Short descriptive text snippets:
Start of Block

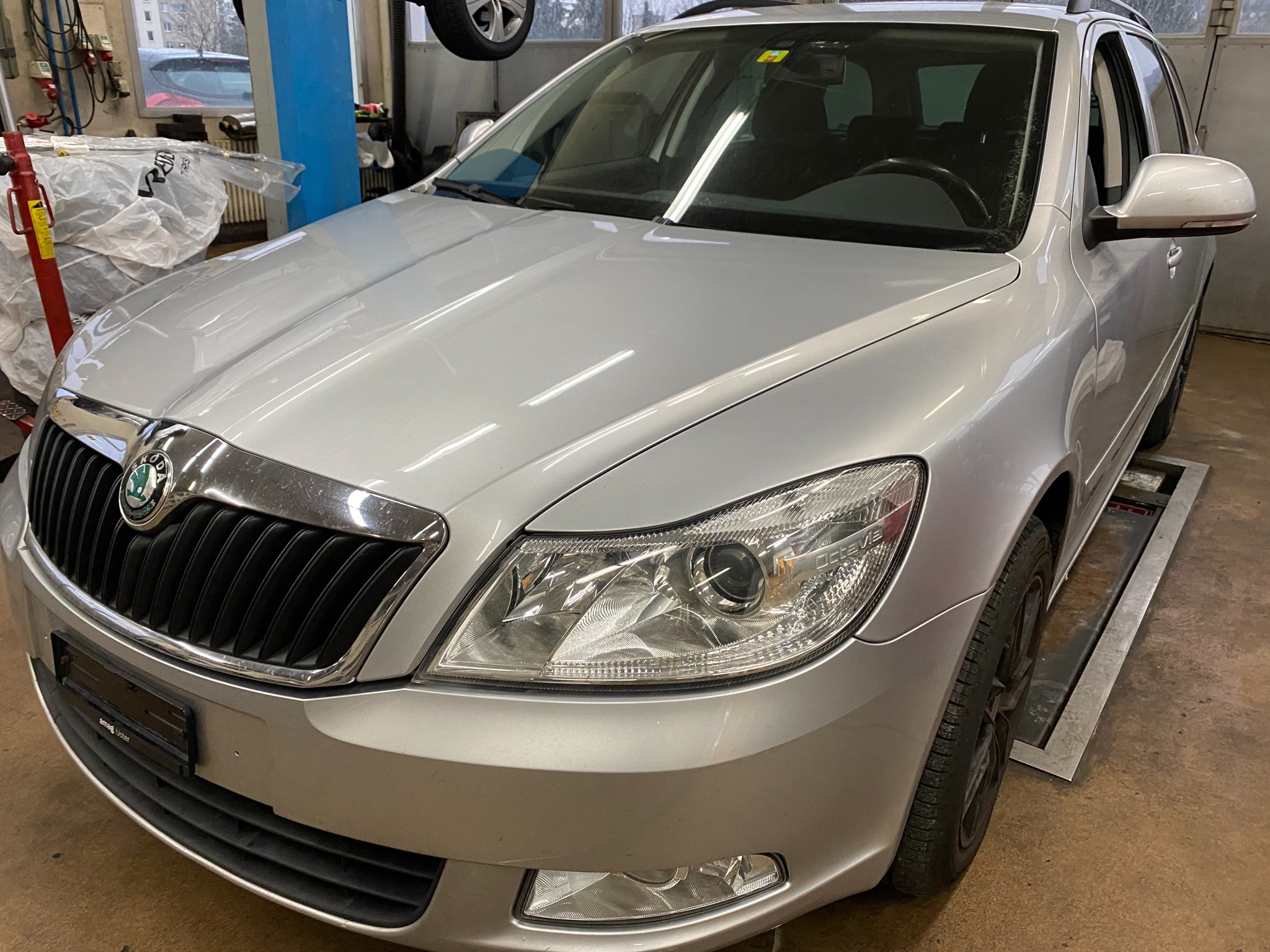 SKODA Octavia Combi 1.8 TSI Family DSG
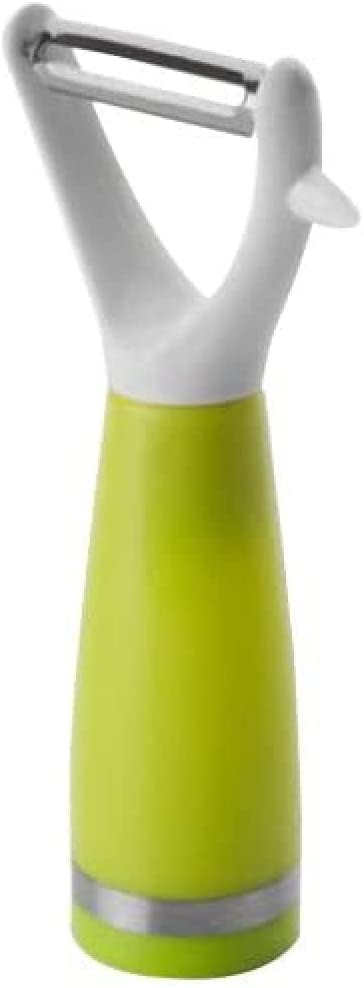 Ibili Potato Peeler - Green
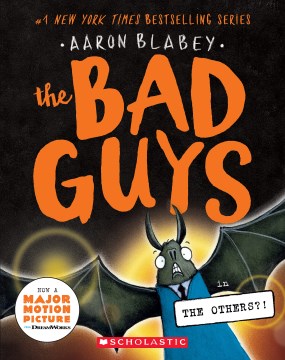 The Bad Guys in The others?! / Aaron Blabey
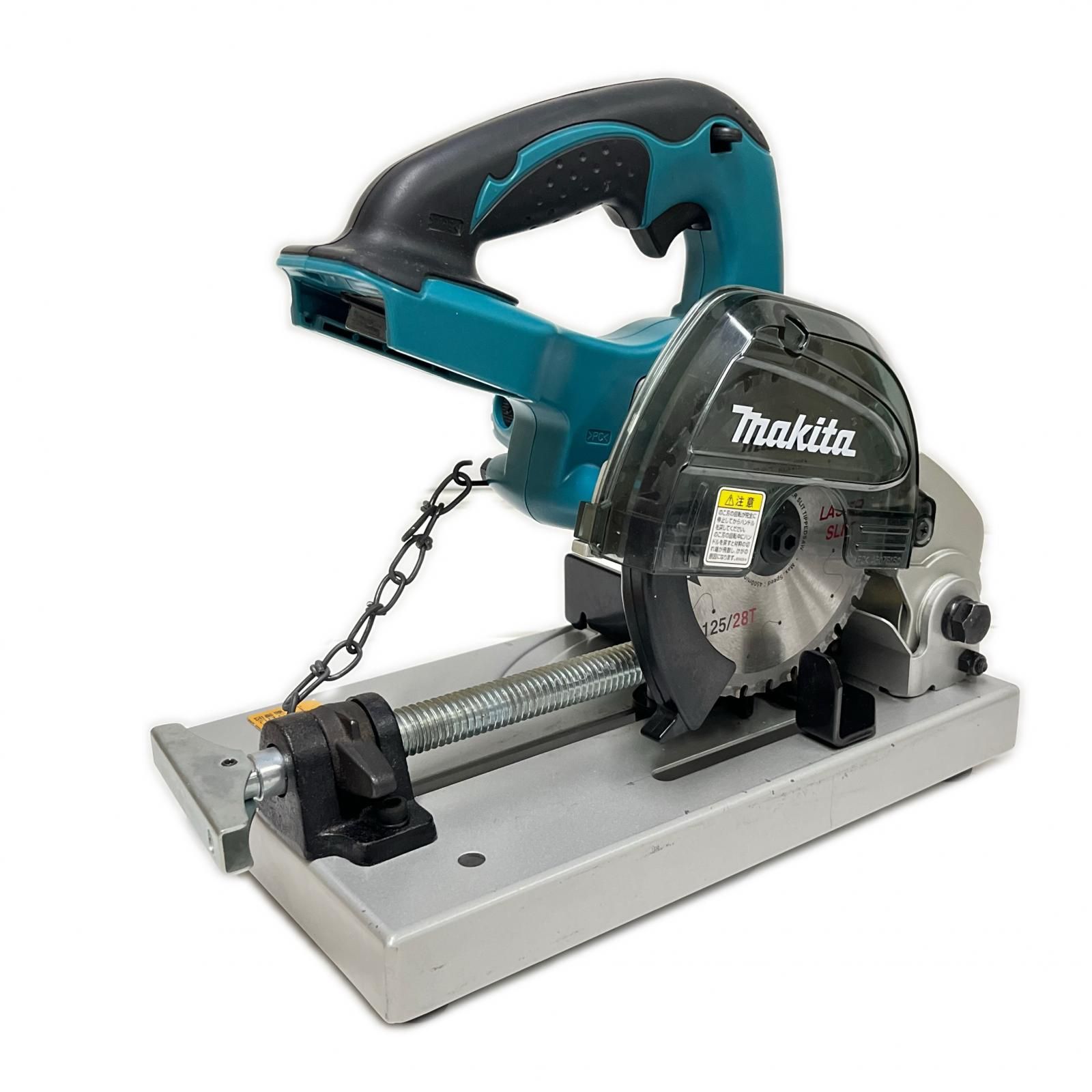 MAKITA マキタ 充電式チップソー切断機 14.4V 125mm LC540D 本体のみ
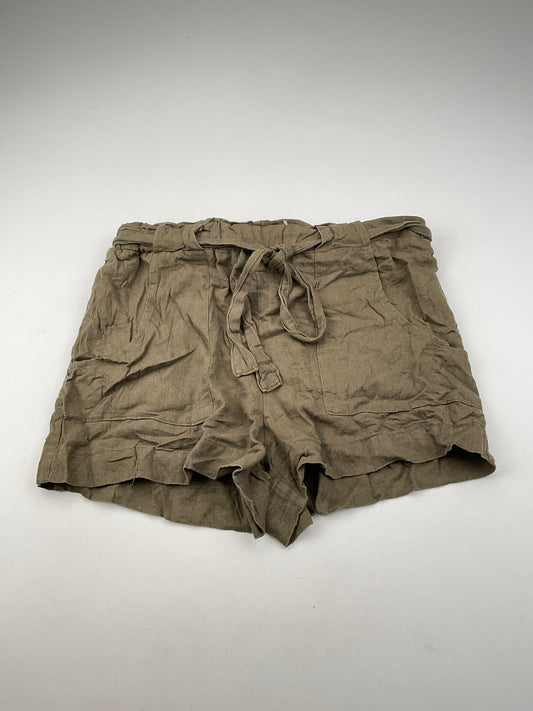 Short Verde Índigo Rein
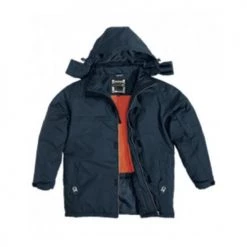 Parka de travail Delta Plus multipoches DUNCAN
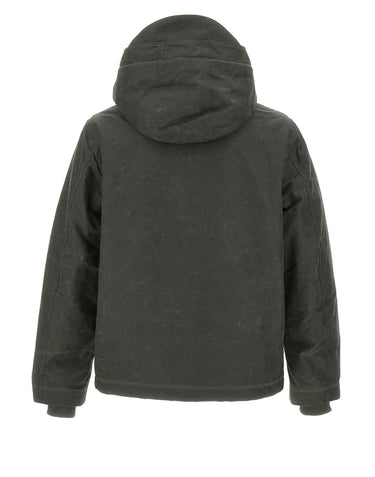 MANIFATTURA CECCARELLI Giacca "Blazer Coat" GREEN Uomo 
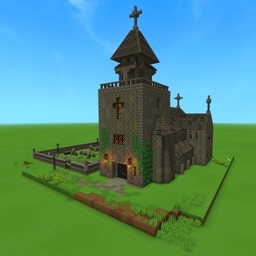 Village Church logo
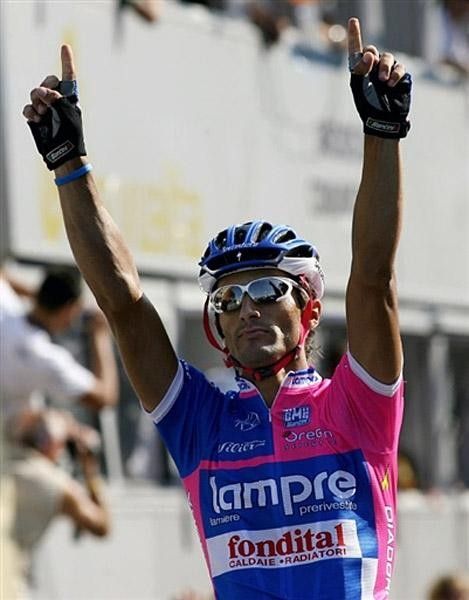 Daniele Bennati (Lampre)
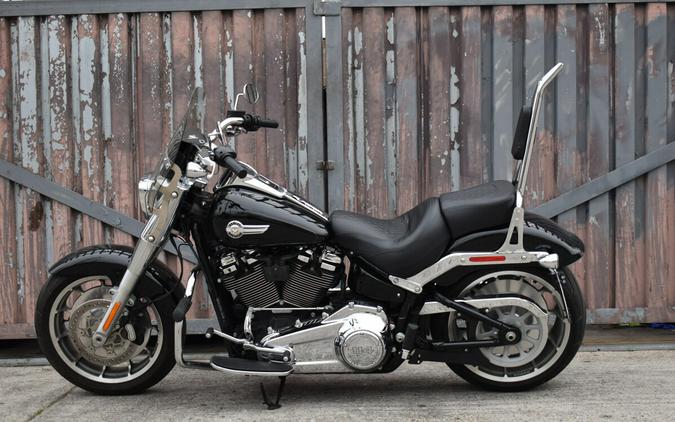 2022 Harley-Davidson® Fat Boy® 114 FLFBS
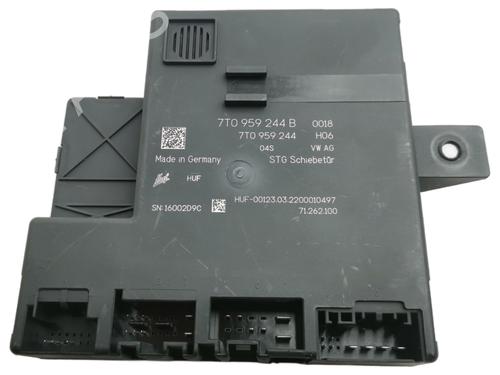 Electronic module VW MULTIVAN T7 (STM, STN) 1.4 eHybrid | BP35763033M83 - Image 4
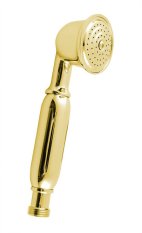 Sapho ANTEA ruční sprcha, 180mm, mosaz/zlato DOC25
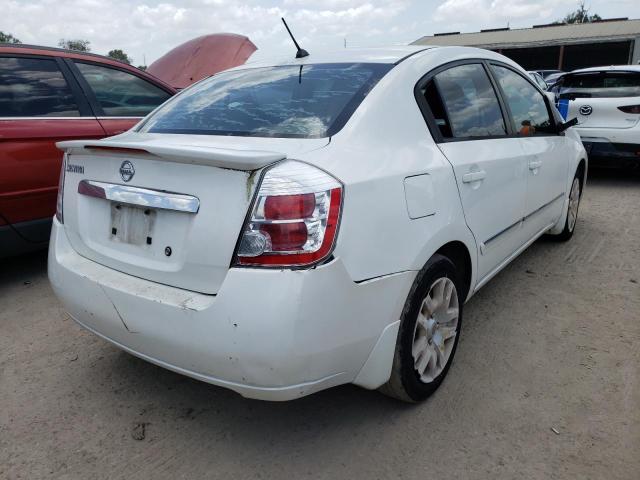 Photo 4 from auction – 2011 NISSAN SENTRA 2.0 with VIN 3N1AB6AP6BL636461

End of Block

(Task objective) Word for word, give the data above again, without any images.

(Written solution)
 SKODA Octavia Combi 1.8 TSI Family DSG
 Ibili Potato Peeler - Green
 The Bad Guys in The others?! / Aaron Blabey
 MAKITA マキタ 充電式チップソー切断機 14.4V 125mm LC540D 本体のみ
 Short Verde Índigo Rein
 Parka de travail Delta Plus multipoches DUNCAN
 MANIFATTURA CECCARELLI Giacca "Blazer Coat" GREEN Uomo 
 Village Church logo
 Daniele Bennati (Lampre)
 2022 Harley-Davidson® Fat Boy® 114 FLFBS
 Electronic module VW MULTIVAN T7 (STM, STN) 1.4 eHybrid | BP35763033M83 - Image 4
 Sapho ANTEA ruční sprcha, 180mm, mosaz/zlato DOC25
 Photo 4 from auction – 2011 NISSAN SENTRA 2.0 with VIN 3N1AB6AP6BL636461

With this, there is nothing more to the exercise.